LOUISVILLE, Ky. (WDRB) – The owners of Maximum Security filed a complaint with Kentucky horse racing regulators Monday, arguing that stewards made an "arbitrary and capricious" decision when they disqualified the first-place finisher in the Kentucky Derby.
But the Kentucky Horse Racing Commission denied the appeal late in the afternoon, reiterating that the unprecedented ruling after Saturday's Derby is "final" and can't be contested.
State regulations give stewards broad power to rule on objections, such as the ones made by two jockeys who accused Maximum Security of interfering with other horses. Those decisions aren't subject to appeal, those rules say.
Maximum Security's owners, Gary and Mary West, had claimed the three officials did not follow unspecified state regulations, and "their determination to disqualify MAXIMUM SECURITY is not supported by substantial evidence," Gary West wrote in a notice of appeal.
They had asked for a hearing before the racing commission, as well as all copies of "views considered" by the stewards before making their decision and all recordings the racing officials "obtained and considered," according to documents provided by their attorney, D. Barry Stilz.
Racing commission general counsel John Forgy wrote in a letter to Stilz that the Wests are not entitled to a hearing because their appeal is moot.
And he reminded Stilz that the Wests agreed to abide by the state's regulations when they renewed their licenses last December, including agreeing to accept the stewards' decisions.
Video replays appeared to show Maximum Security drifting in the far turn and forcing at least one horse, War of Will, to maneuver to avoid stepping on him.
Jon Court, who rode Long Range Toddy, and Country House jockey Flavien Prat claimed after the race that Maximum Security had interfered as the field turned for home.
Kentucky's chief steward, Barbara Borden, said Saturday night that officials reviewed the race and interviewed riders before finding that Maximum Security "impacted the progress" of War of Will and interfered with Long Range Toddy and Bodexpress.

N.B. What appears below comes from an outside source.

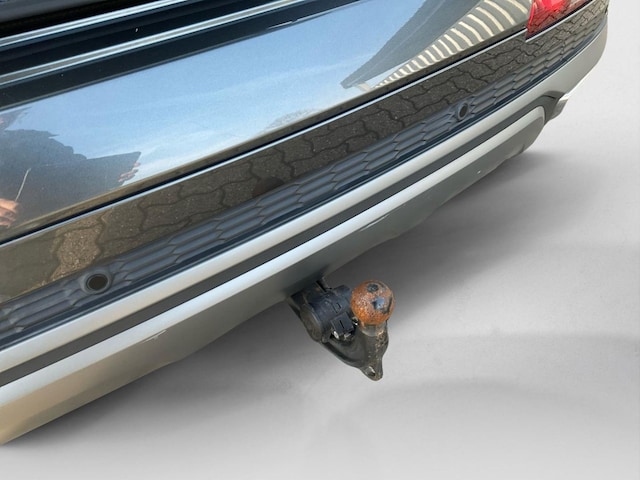 Audi Q7 50 TDI Quattro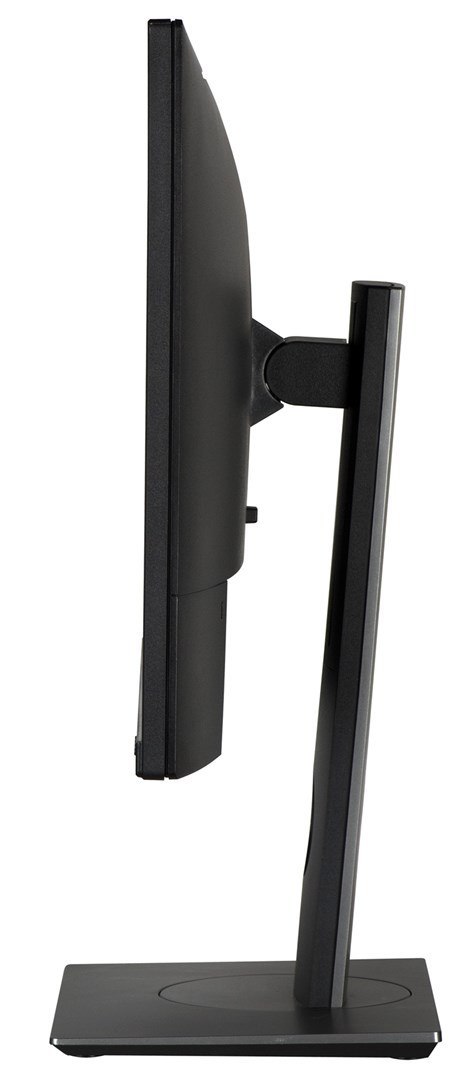 MONITOR DELL LED 24" P2417H (GRADE A) UŻYWANY MONITOR DELL LED 24" P2417H (GRADE A) UŻYWANY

As a result, they disqualified Maximum Security.
Marc Guilfoil, the racing commission's executive director, told the Bloodhorse on Sunday that "it was the right call."
Maximum Security was the first top finisher in the Derby's 145 years to be disqualified after an on-track objection. After 22 minutes of deliberating, the stewards declared second-place finisher Country House the race's winner.
The Wests had asked that all purse money be withheld and put into escrow until a final ruling has been made.
Stilz did not immediately respond to a text message seeking comment on the racing commission's denial.